Assigned task: Among the entries that follow, the required portion opens with the line containing "Imagem de PRASCO" and closes with the line containing "Inch) - Image 5". Give that portion again exactly, and nothing else.
+++ Source data
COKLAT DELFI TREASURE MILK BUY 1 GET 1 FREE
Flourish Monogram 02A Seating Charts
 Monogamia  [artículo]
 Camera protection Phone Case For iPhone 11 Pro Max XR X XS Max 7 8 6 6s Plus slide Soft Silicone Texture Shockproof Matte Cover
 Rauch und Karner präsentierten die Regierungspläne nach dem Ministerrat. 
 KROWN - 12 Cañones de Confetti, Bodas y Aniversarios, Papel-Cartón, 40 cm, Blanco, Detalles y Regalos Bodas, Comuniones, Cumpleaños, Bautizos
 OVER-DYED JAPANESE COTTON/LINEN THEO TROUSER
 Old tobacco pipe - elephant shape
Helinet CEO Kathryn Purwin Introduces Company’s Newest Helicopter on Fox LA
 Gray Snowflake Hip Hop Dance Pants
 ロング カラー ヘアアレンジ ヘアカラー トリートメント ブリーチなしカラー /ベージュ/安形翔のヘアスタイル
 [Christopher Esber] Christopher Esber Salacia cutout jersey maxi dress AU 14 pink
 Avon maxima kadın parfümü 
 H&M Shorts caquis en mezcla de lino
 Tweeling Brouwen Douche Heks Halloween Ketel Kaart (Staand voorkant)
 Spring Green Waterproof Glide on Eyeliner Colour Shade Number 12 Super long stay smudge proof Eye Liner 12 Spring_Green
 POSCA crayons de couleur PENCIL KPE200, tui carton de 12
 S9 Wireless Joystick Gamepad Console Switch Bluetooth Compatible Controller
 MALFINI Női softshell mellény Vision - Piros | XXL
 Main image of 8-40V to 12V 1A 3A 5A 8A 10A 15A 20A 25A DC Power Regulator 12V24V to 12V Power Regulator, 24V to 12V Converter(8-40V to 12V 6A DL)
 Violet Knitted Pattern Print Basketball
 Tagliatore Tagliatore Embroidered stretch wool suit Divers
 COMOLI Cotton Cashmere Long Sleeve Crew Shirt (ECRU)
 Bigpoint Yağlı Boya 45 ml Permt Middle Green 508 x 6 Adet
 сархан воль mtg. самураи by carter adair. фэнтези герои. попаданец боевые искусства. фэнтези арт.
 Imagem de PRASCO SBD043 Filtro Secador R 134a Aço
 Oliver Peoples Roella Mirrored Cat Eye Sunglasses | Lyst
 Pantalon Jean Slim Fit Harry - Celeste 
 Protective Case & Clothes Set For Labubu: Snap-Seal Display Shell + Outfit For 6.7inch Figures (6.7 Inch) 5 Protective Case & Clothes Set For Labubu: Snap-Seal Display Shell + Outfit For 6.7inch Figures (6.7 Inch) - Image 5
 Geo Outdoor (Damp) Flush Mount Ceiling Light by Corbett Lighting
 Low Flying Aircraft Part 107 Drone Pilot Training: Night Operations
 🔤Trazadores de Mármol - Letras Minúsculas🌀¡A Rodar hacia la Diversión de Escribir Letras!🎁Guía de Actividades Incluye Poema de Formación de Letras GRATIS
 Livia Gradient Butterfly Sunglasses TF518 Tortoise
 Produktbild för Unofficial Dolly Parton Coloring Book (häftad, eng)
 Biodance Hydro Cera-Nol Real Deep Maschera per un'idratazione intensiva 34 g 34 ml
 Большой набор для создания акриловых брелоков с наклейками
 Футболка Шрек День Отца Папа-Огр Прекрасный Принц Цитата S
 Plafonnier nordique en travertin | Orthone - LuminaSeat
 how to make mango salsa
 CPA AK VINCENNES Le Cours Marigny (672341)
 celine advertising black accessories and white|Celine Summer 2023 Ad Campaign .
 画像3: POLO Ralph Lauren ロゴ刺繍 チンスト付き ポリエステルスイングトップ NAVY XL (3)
++++++
Answer below:
 Imagem de PRASCO SBD043 Filtro Secador R 134a Aço
 Oliver Peoples Roella Mirrored Cat Eye Sunglasses | Lyst
 Pantalon Jean Slim Fit Harry - Celeste 
 Protective Case & Clothes Set For Labubu: Snap-Seal Display Shell + Outfit For 6.7inch Figures (6.7 Inch) 5 Protective Case & Clothes Set For Labubu: Snap-Seal Display Shell + Outfit For 6.7inch Figures (6.7 Inch) - Image 5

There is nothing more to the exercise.